The other parade was a small group waving pieces of palm, singing and walking down the sidewalk. No need to stop traffic for that parade! No marching bands, no dignitaries, no crowds lined up to cheer. No one really paying attention or even noticing. No spectators. Except one… one Holy One, watching our little efforts to recreate what history calls the “Triumphal Entry.” Maybe it was triumphal. Maybe it was like the afternoon parade with the cheering masses. But maybe it was just a small group, not quite sure where they were going or why, just saluting that man on the donkey.

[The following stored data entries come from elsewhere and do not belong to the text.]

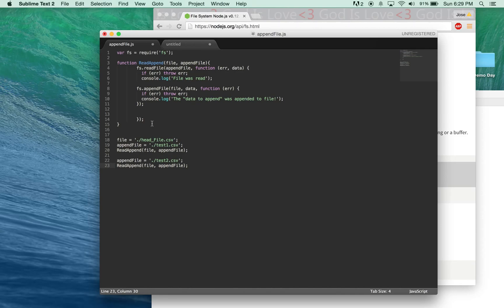So let me just read through quickly. Yes, this is all correct. Yeah, so that all looks good. So now, we're going to see if it works. We're going to go to terminal.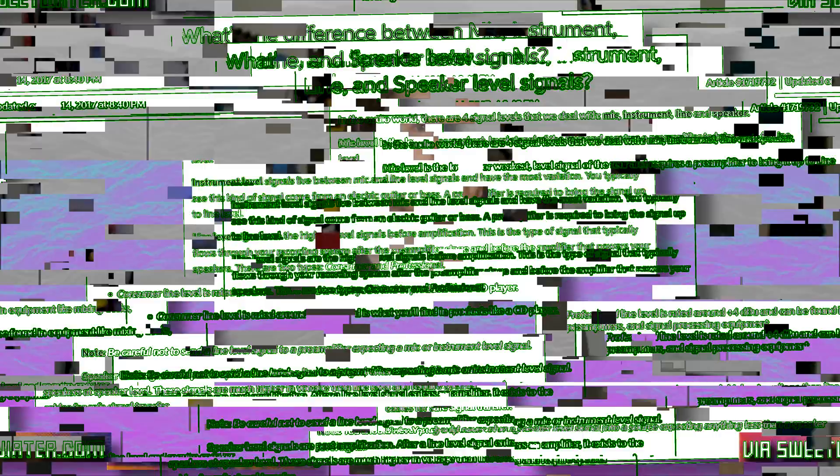You can also run into other issues with ground looping, humming, hissing, interference, and static with multiple audio devices hooked together, especially if something like a PC or a game console is involved.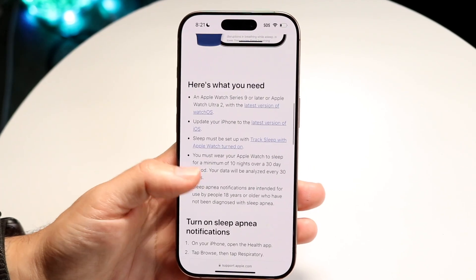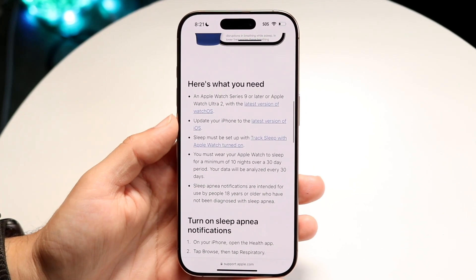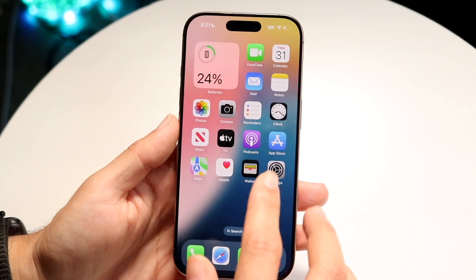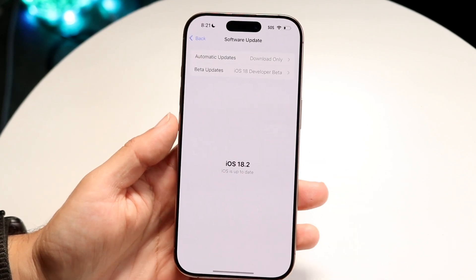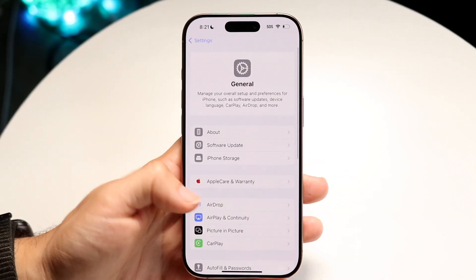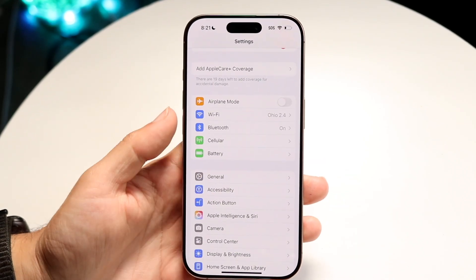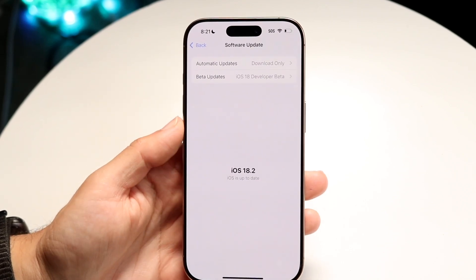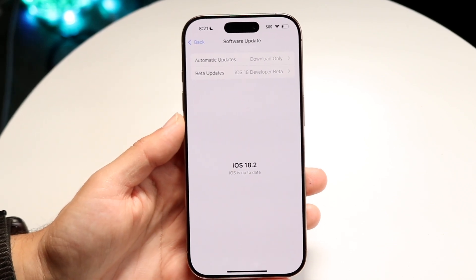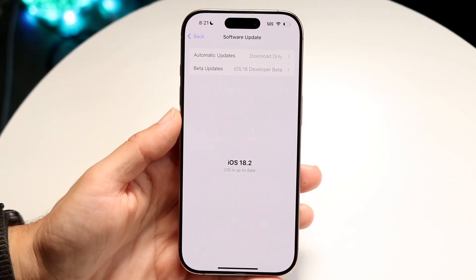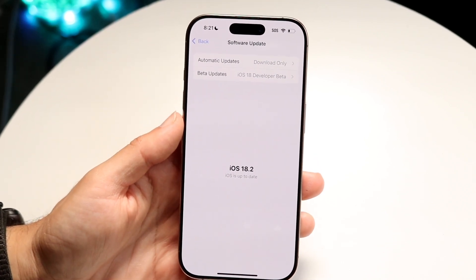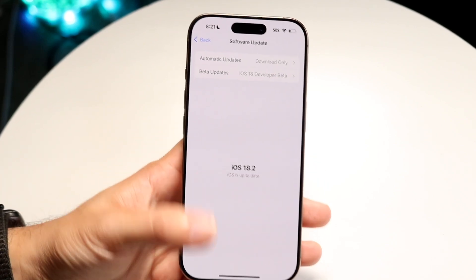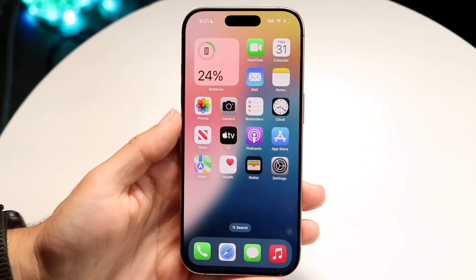You will also need to be on the latest version of iOS 18 — specifically iOS 18.1 or above. Go to your iPhone Settings, tap General, tap Software Update, and make sure you're on iOS 18.1 or above. You should also update your Apple Watch as well.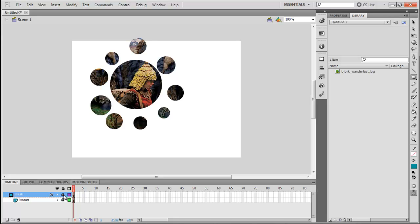So that's it for this tutorial on creating a basic Mask layer using Flash CS5. Thanks for watching.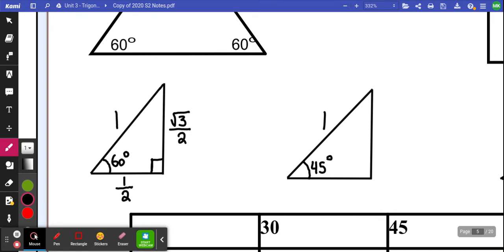You got root 3 over 2 and 1 over 2 as your side lengths for that 60 degree triangle. If you look at your 45 degree triangle, the two legs have to be the same. Because it's a 45 degree, that means the other angle would also be 45 degrees to add up to 180, meaning that that special triangle in the middle is actually an isosceles triangle.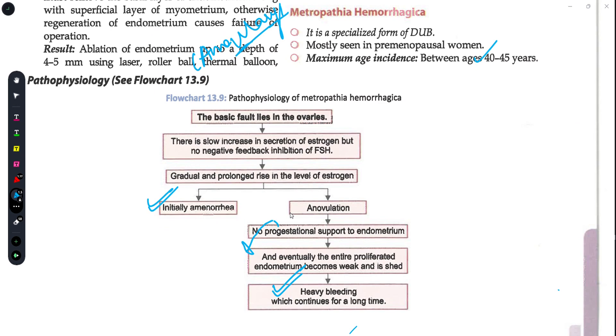So friends, this is it about today's session in which we discussed metropathia hemorrhagica. I hope I have made you all understand. If you have any doubts, you can ask me in the comment section. Please like this video and share it with your batchmates. See you in the next video — happy learning!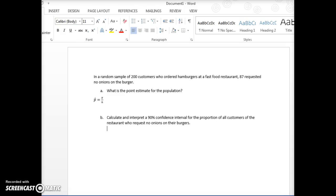Hi y'all, here's an example of calculating confidence intervals for proportions. I'll only ask you to do these in StatCrunch and never by hand. So for this example, we have a random sample of 200 customers who ordered hamburgers at a fast food restaurant, and 87 requested no onions on their burger.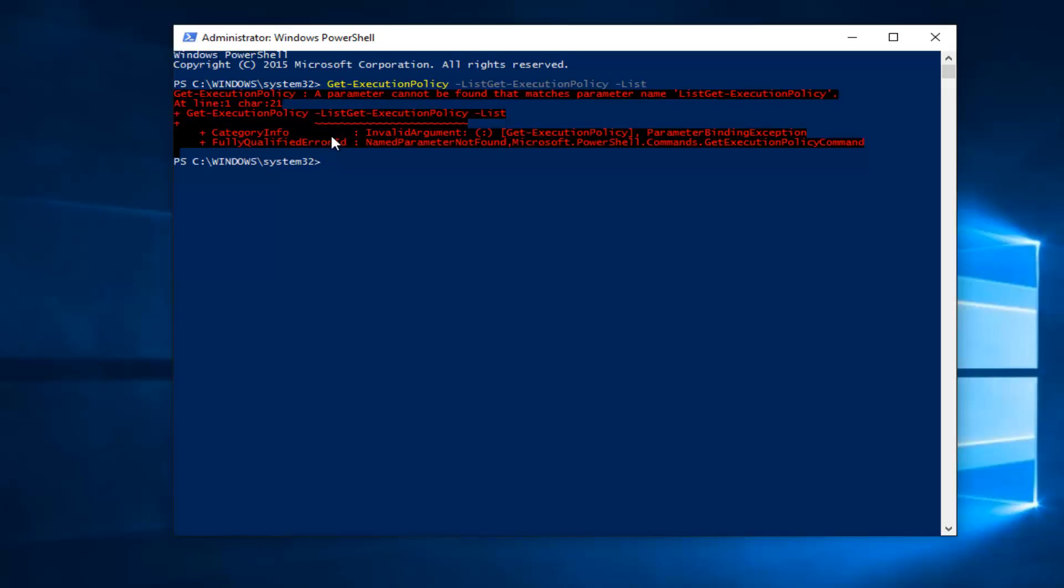So there's five different execution policies that could be set up on your computer. This is just showing you how to find out which policy is currently being enacted. I hope this brief tutorial helped you guys out and I will catch you in the next video. Goodbye.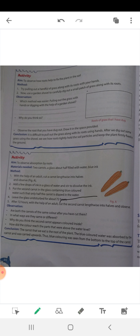After 72 hours, with the help of an adult, cut the second carrot lengthwise into halves and observe what you see. Compare it with the first carrot, which was not dipped in the ink.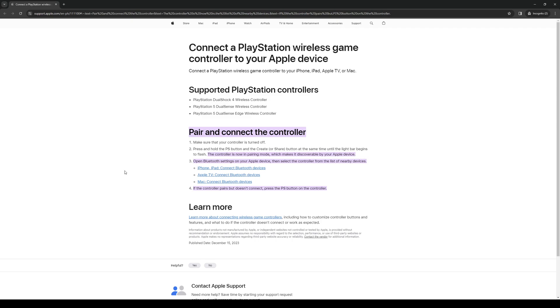And once you've done that, you want to open the Bluetooth settings on your Apple device and then select the controller from the recognizable devices. And from there on out, you just connect it and there you have it. You can now operate your iPad using the PS5 controller.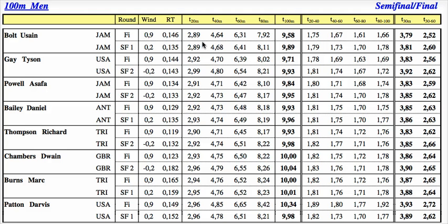What's interesting to see is it includes his split times for different stages of the race. Between the 20 metre and 40 metre mark, it took Usain Bolt 1.75 seconds to cover that distance. As he sped up, it took 1.67 seconds to complete the next 20 metre interval. After that, he reached his peak where he covered the 20 metres in 1.61 seconds.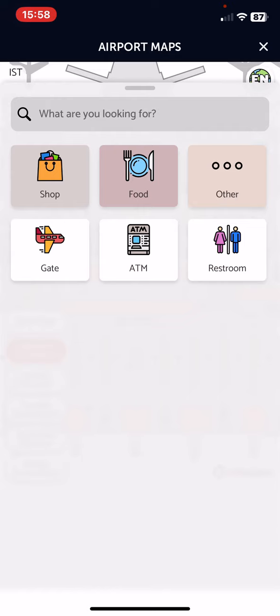You can also search for different services within the airport, for example shops, food, or ATM. So yeah, that's pretty much it for this video guys. See you in the next one, goodbye.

One writer who calls Palm Sunday “the strangest holiday of the year,” says it is “a celebration of misunderstanding” (John Leax). We are looking for heroes, the ones who have defied the odds and ended up as champions. We are excited to have an excuse for a party. We think our problems will all be solved and the trophies are ours. We have been faithful fans and now we are being rewarded. But it isn’t like that at all.
This is not a parade where we are spectators and he is putting on a show. This is the real thing. We cannot stand along the parade route as he passes by on his journey to the cross, and then gather up our things and go back to our old way of life. We have to follow him, if we are to consider ourselves Christians, if we are to be Christ-like. We have to have the same mind that was in him. We have to go with him into faithfulness, into surrender to God, even into suffering. This is not a mere and momentary disruption in the rush-hour traffic of our lives. Instead it is a complete change of destination.